• WHAT THE TASK REQUIRES
Give the data below again exactly as written, without its pictures.
── MATERIAL PROVIDED ──
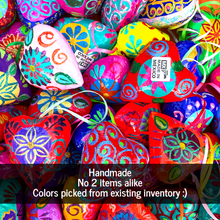 Load image into Gallery viewer, Handmade Mexican Christmas Navidad Ornaments - Corazones Hearts (2 Pack) Holiday Decor Muertolandia.com
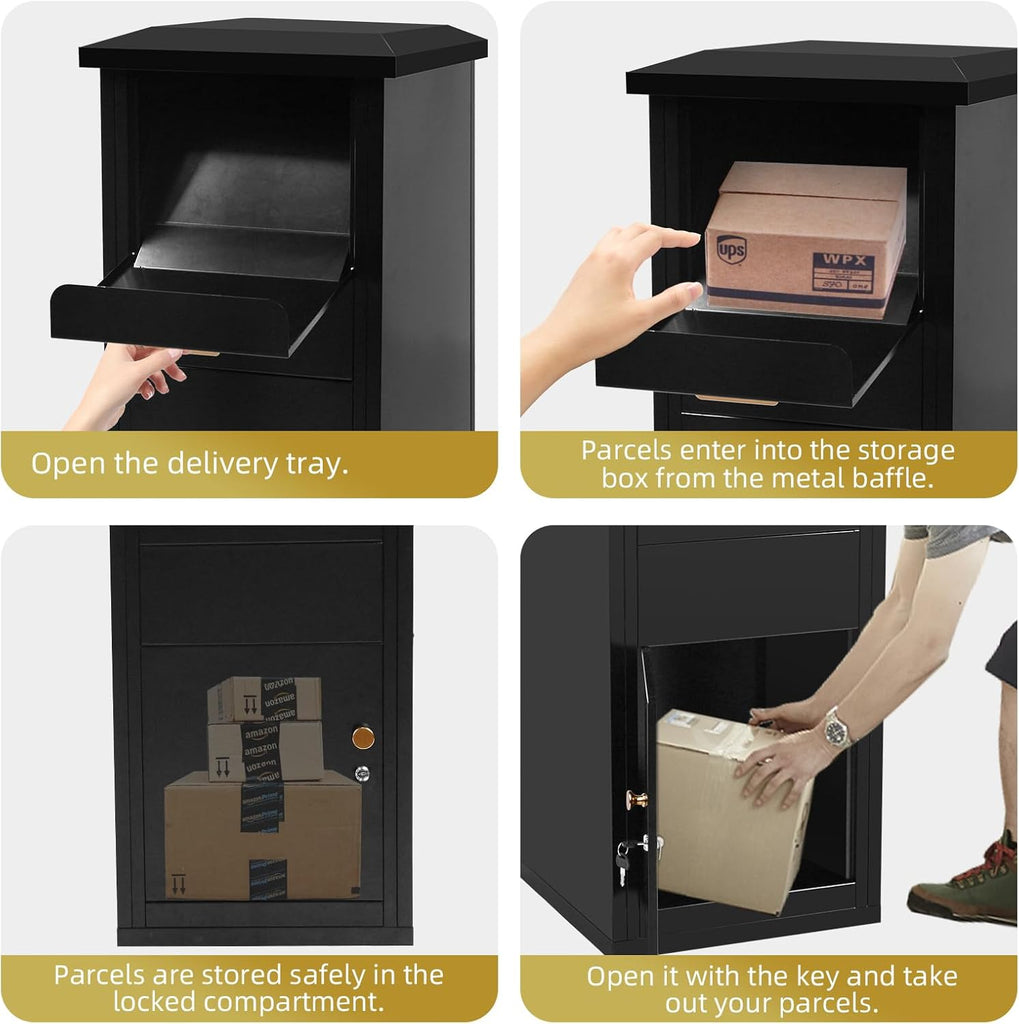 Large Package Delivery Box 17.6" x 15.7" x 38" Parcel Drop Box with Lock, 2.7 ft3 Anti-Theft Lockable Storage Box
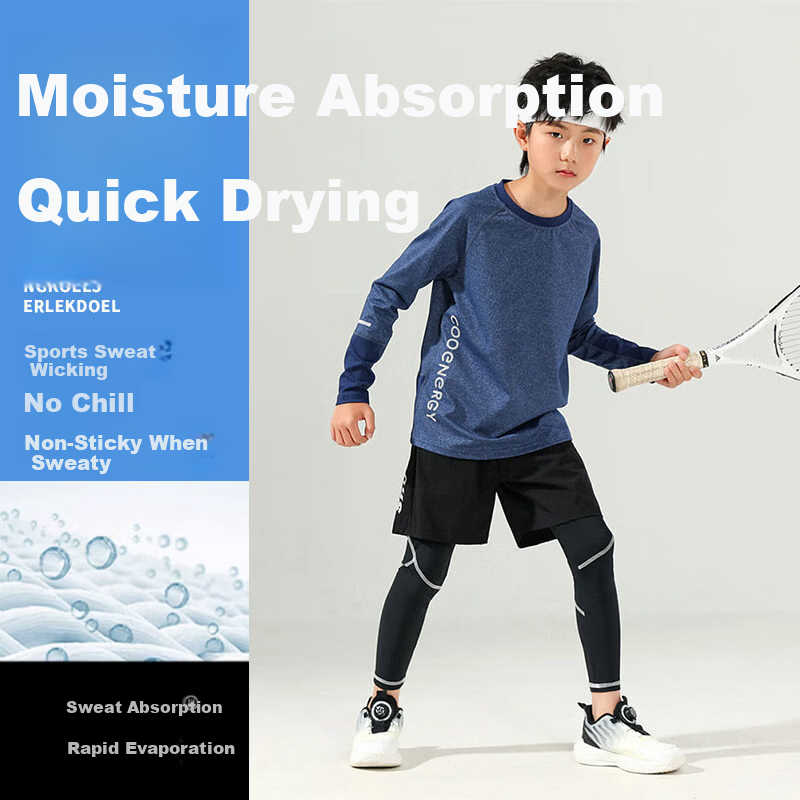 Moonkids Boys Quick-Dry Sports Set Kids Spring Autumn Running Training Suit Big Boys Badminton Football Quick-Dry Basketball Jersey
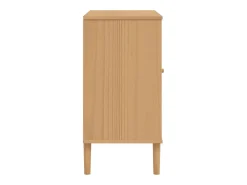 Aparador SENJA aspecto de ratán madera pino marrón 80x40x80 cm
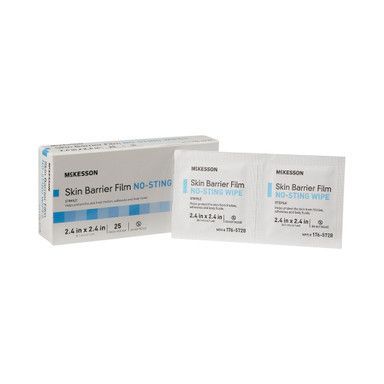Box and individual packets of McKesson Skin Barrier Film NO-STING wipes.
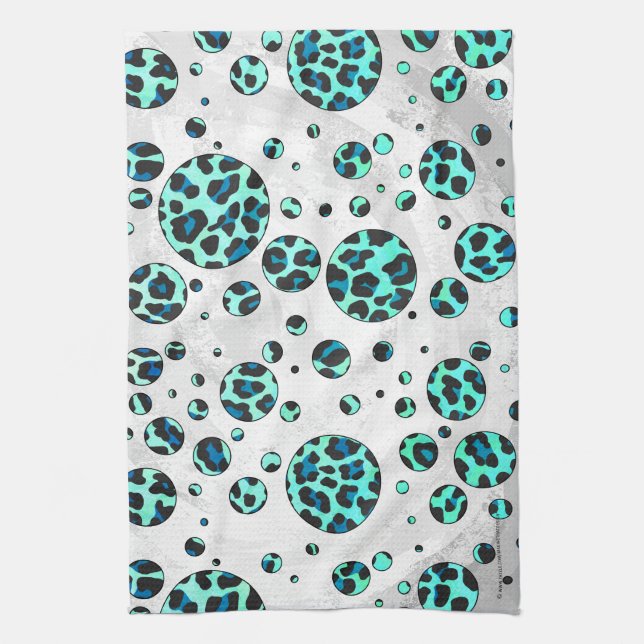 Leopard Schwarz und Aquamarin Küchentuch (Vertikal)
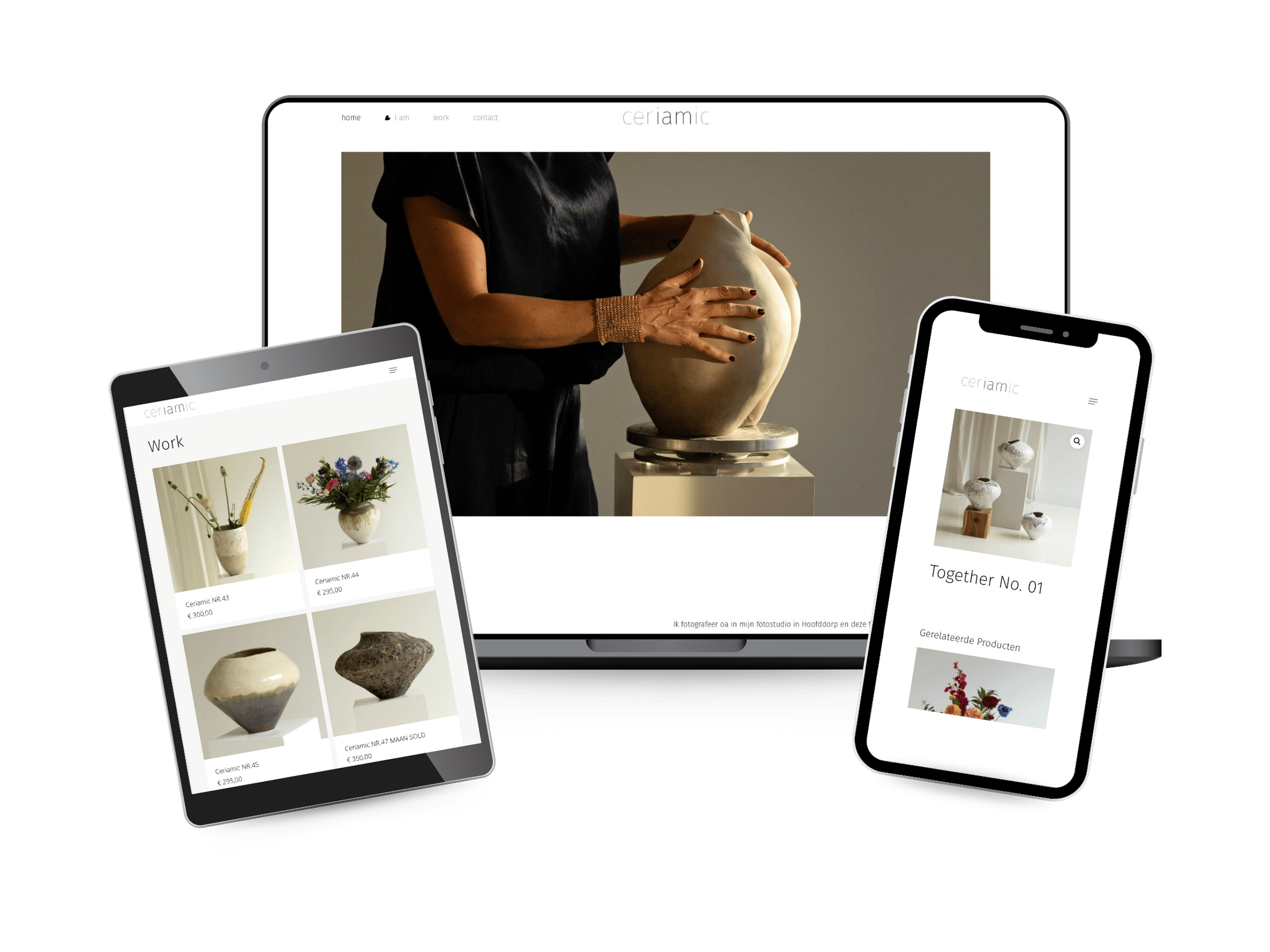 Ceriamic website and online shop on laptop, tablet and phone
───
• SOLVED EXERCISE
 Load image into Gallery viewer, Handmade Mexican Christmas Navidad Ornaments - Corazones Hearts (2 Pack) Holiday Decor Muertolandia.com
 Large Package Delivery Box 17.6" x 15.7" x 38" Parcel Drop Box with Lock, 2.7 ft3 Anti-Theft Lockable Storage Box
 Moonkids Boys Quick-Dry Sports Set Kids Spring Autumn Running Training Suit Big Boys Badminton Football Quick-Dry Basketball Jersey
 Aparador SENJA aspecto de ratán madera pino marrón 80x40x80 cm
Box and individual packets of McKesson Skin Barrier Film NO-STING wipes.
 Leopard Schwarz und Aquamarin Küchentuch (Vertikal)
 Ceriamic website and online shop on laptop, tablet and phone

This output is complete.